Source: S&P/ASX 200 Index (total return)
International fixed interest
Bond markets were buffeted over the quarter by concerns of persistently elevated inflation, hawkish central bank policy shifts, and the emergence of the Omicron Covid-19 variant.
Overall, 10 year government yields were largely unchanged. Yields had been drifting downwards for most of the quarter before reversing in the final weeks of the year. Yield curves also tended to flatten in this process, with shorter-dated bonds hit harder as central bank rhetoric increasingly suggested an earlier reduction in existing financial stimulus and/or earlier action on interest rate hikes. Most notably, the US Federal Reserve (Fed) policy committee suggested that their tapering of asset purchases could be accelerated in December.
The US 10 year Treasury yield, overall was little changed for the quarter, moving from 1.49% to 1.51%. However, it reached a high of 1.71% in October amid elevated inflation and policy tightening expectations, then a low of 1.34% in early December amid fears over the Omicron Covid-19 variant. The US 2 year yield increased from 0.28% to 0.73% over the quarter.

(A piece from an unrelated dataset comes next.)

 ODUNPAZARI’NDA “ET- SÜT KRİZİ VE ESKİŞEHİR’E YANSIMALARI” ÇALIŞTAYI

The UK 10 year yield fell from 1.02% to 0.97%, dropping sharply in early November as the Bank of England (BoE) unexpectedly elected not to raise rates. The BoE did, however, raise rates in December. Germany’s 10 year yield was little changed, from -0.19% to -0.18%, but this reflected a late surge with the yield falling below -0.40% in December.
Corporate bonds lagged government bonds for the quarter. The US market saw modestly positive total returns (local currency) within the investment grade bond universe, but Europe weakened.

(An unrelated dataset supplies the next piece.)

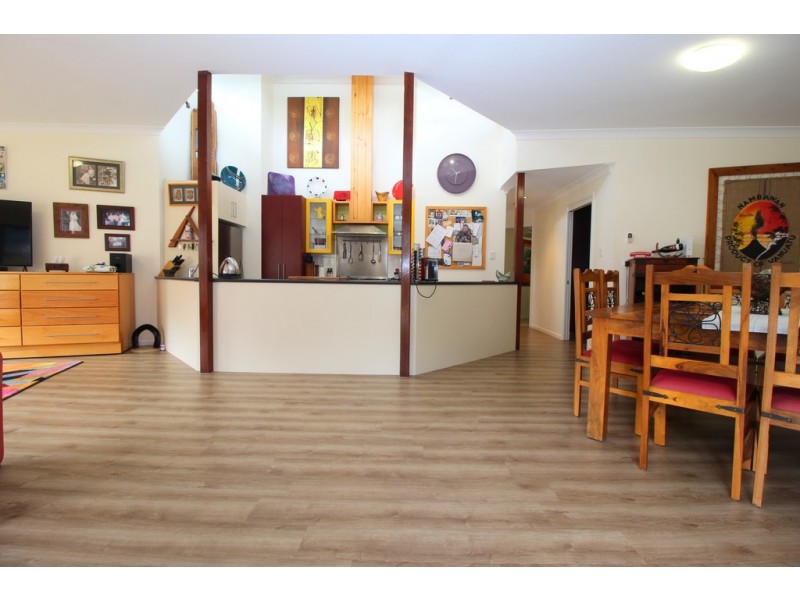 20 Forrest Lane, Emerald QLD 4720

The FTSE World Government Bond Index 1-5 Years (hedged to NZD) returned -0.4% for the quarter, while the broader Bloomberg Global Aggregate Bond Index (hedged to NZD) returned +0.2%. This meant a negative year for global bonds with returns of -0.7% and -1.2%, respectively.
Source: FTSE World Government Bond Index 1-5 Years (hedged to NZD)

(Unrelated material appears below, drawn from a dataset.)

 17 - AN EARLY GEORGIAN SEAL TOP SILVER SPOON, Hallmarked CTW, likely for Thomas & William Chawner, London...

New Zealand fixed interest
At both their 6 October and 24 November meetings, the Reserve Bank of New Zealand (RBNZ) elected to increase the official cash rate by 0.25%, taking this benchmark rate from 0.25% to 0.75% over the quarter.
At their November meeting, the committee noted that global inflation had increased due to the rapid recovery in global demand, combined with significant supply chain bottlenecks and labour shortages in some sectors. Ongoing higher government spending and monetary policy stimulus in many countries was contributing to strong demand. However, there was also considerable uncertainty about the persistence of global inflationary pressures. The committee noted they expected inflation to remain high in the near term, before returning to the midpoint of their target band over the next two years.
Investors held with the view that the RBNZ would continue to steadily hike the official cash rate (OCR) in 0.25% increments until August 2022 before continuing with hikes at a slower pace. Over the quarter, the New Zealand 10 year government bond yield climbed from 2.02% at the beginning of October to a peak of 2.68% on 12 November, before easing back to close the year at 2.33%, a yield increase of 0.31% over the quarter. The New Zealand 2 year government bond yield followed a similar pattern opening the quarter at 1.03% and ending the year at 1.98%, a yield increase of 0.95%.
Similar to the effects seen overseas, this flattening of the local yield curve and rising yield environment, overall, generally meant negative short term returns for bonds of all durations.
The S&P/NZX A-Grade Corporate Bond Index fell -1.4% for the quarter and -4.4% for the year, while the longer duration but higher quality S&P/NZX NZ Government Bond Index fell -1.8% for the quarter and -6.2% for the year.